John Brown":1ofp3yip said:


> I don't understand how it works if there are no filters.



Watch this YouTube clip and at 1 min 53sec it will show you the inside of the bucket. There is no real filter, just a dust cloth. In the second YouTube clip at 5min 30sec it shows you someone sucking up a big puddle from the back of his car !

https://www.youtube.com/watch?v=ggQnMAvLOUk

https://www.youtube.com/watch?v=jvZz9zFtu5U


----------



## Buffalo Chas (4 Nov 2016)

Can you explain how to connect the PC power supply to the vac please Novocaine. 
Like Brian I will probably go for the 120w option.

Charley.


----------



## Claymore (4 Nov 2016)

I ordered a 120w one today and will then experiment with fittings etc, if it isn't upto the job then its ok for the car so nothing lost at that price.
There is definitely a market for a very quiet/powerful/compact dust extractor/vacuum cleaner for use on scroll saws and it seems it would be very low tech but so far no'one sells one.... have you seen the Scroll-Nado videos on youtube (see here https://www.youtube.com/watch?v=L9S4DxHiVhY) it seems a bit of a faff sticking pipes all over? surely there is a simpler design or maybe it will need us scroll saw users to invent one? if you designed one that worked well you could be a rich man/woman.
I will be interested to see how good the dust extraction is on my new EX30 when it arrives next week as it apparently has a clear plastic doodah under the series of holes on the table linked to a 65mm extraction port so the dust drops down the holes and is sucked away.

Brian


----------



## Tony G (5 Nov 2016)

Well the so called 120w vacuum arrived this morning and as suspected it's NOT 120w as stated in their advert, it ONLY 75w so I'll be sending it back.
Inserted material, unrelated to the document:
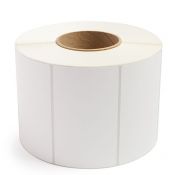 5x3 - White / Thermal Transfer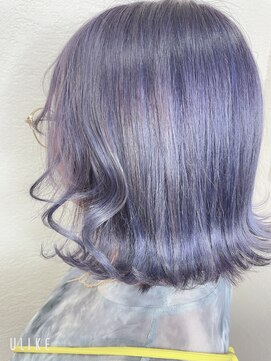 モード ケイズ 塚口店(MODE K's) バイオレットブルージュ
I did say to hold off purchasing the 120w until I check it out. Anyway I'm very disappointed that they exaggerated the power of this one.


----------



## scrimper (5 Nov 2016)

My late friend and myself built a dust extraction system for his small workshop by placing it outside. It was basically I large tall wooden box with a motor unit on top obviously we made it weatherproof but the advantages were that because it was outside it was quiet (in the workshop) It had a huge container and did not need emptying very often also all the dust was outside rather than in the workshop this was especially good when it came to emptying the unit.

I have a similar one outside my workshop (in a covered area) which collects from my planer/thicknesser it is connected up via 2" guttering pipes and works very well. It's just a wooden box with an old cylinder vac motor on top. 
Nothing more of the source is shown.